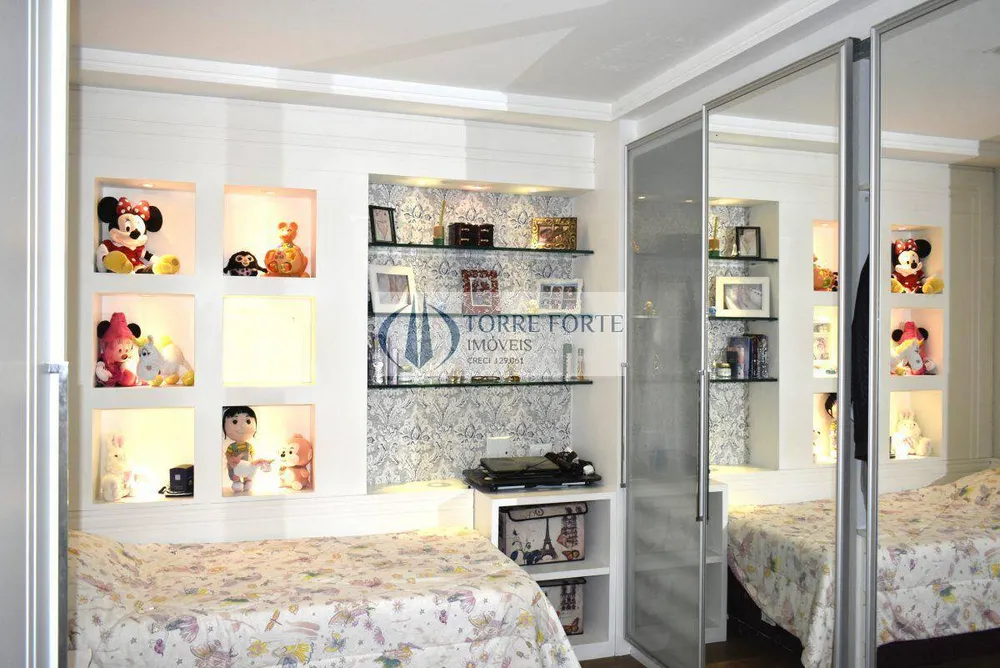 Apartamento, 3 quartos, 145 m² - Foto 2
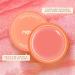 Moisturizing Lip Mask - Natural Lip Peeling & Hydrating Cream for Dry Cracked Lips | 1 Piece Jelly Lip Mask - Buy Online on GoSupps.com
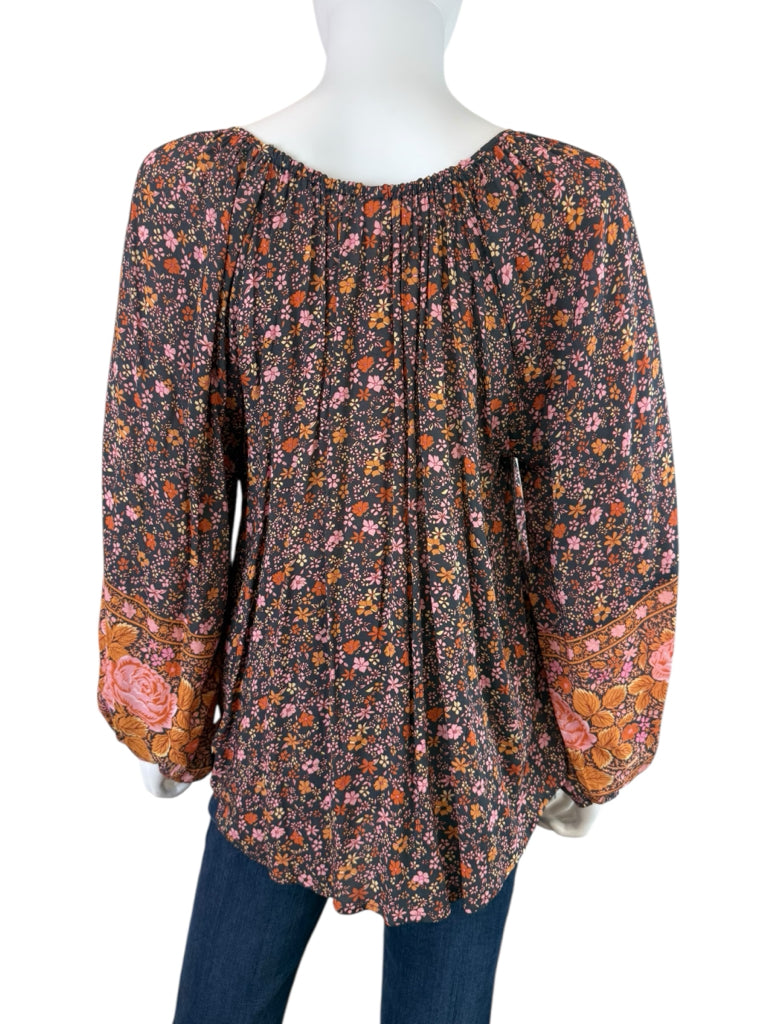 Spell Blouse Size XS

---

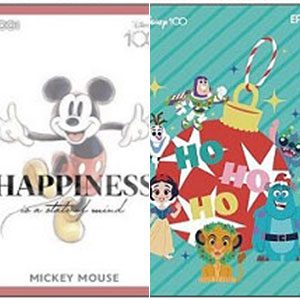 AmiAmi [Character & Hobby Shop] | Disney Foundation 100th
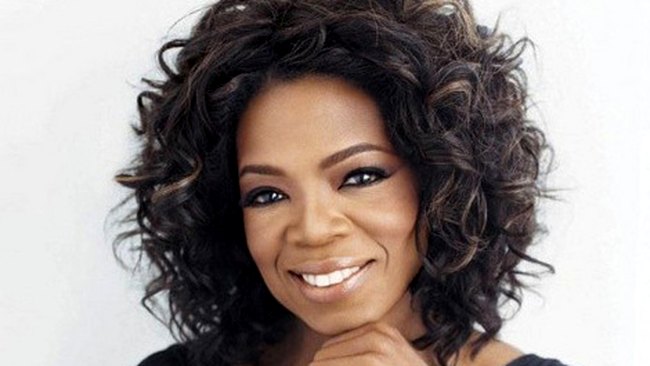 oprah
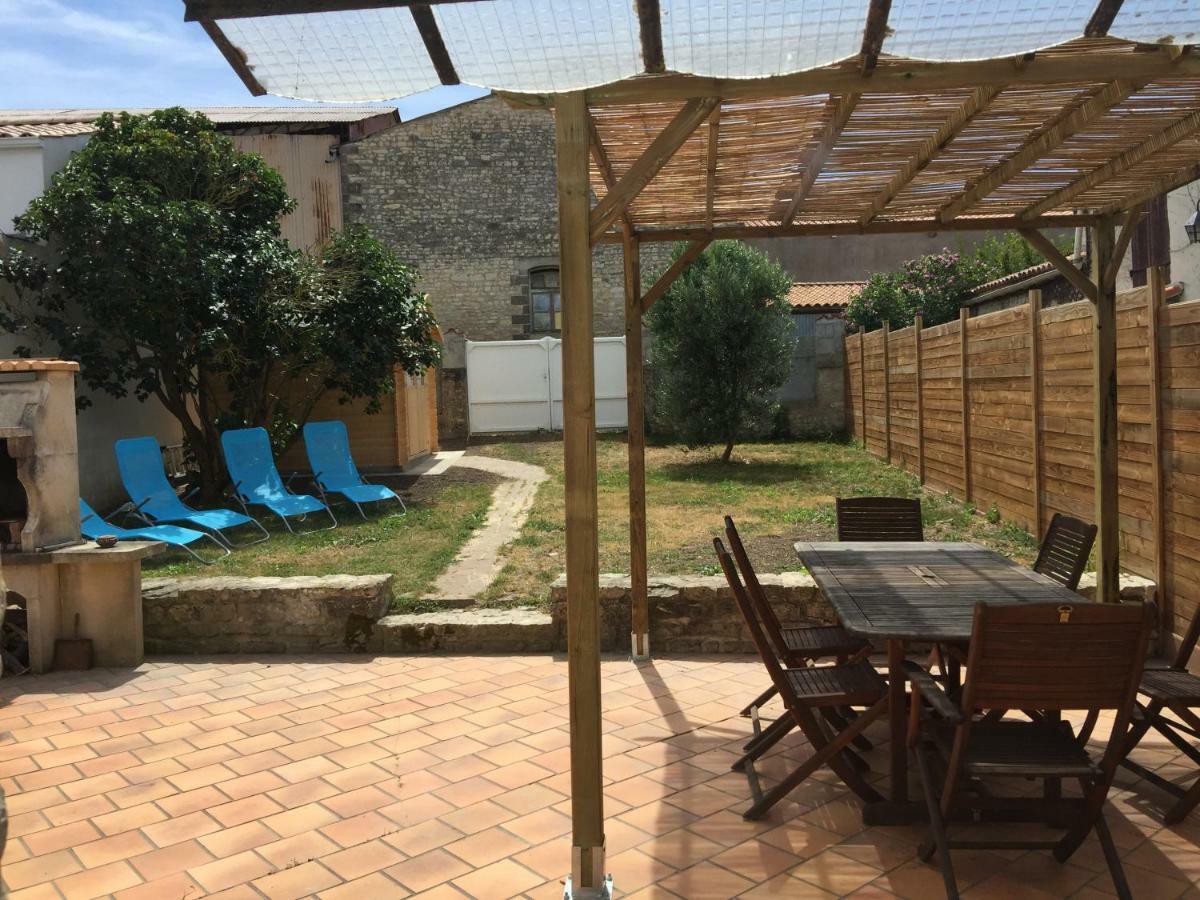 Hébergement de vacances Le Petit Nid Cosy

--

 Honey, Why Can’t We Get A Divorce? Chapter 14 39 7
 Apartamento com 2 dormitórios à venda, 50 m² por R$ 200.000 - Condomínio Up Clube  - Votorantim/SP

What the task asks
The lines above from the line with "AmiAmi [Character &" through the line with "Hébergement de vacances Le Petit Nid Cosy" are to be given again word for word, with no pictures among them.

Output for this task
 AmiAmi [Character & Hobby Shop] | Disney Foundation 100th
 oprah
 Hébergement de vacances Le Petit Nid Cosy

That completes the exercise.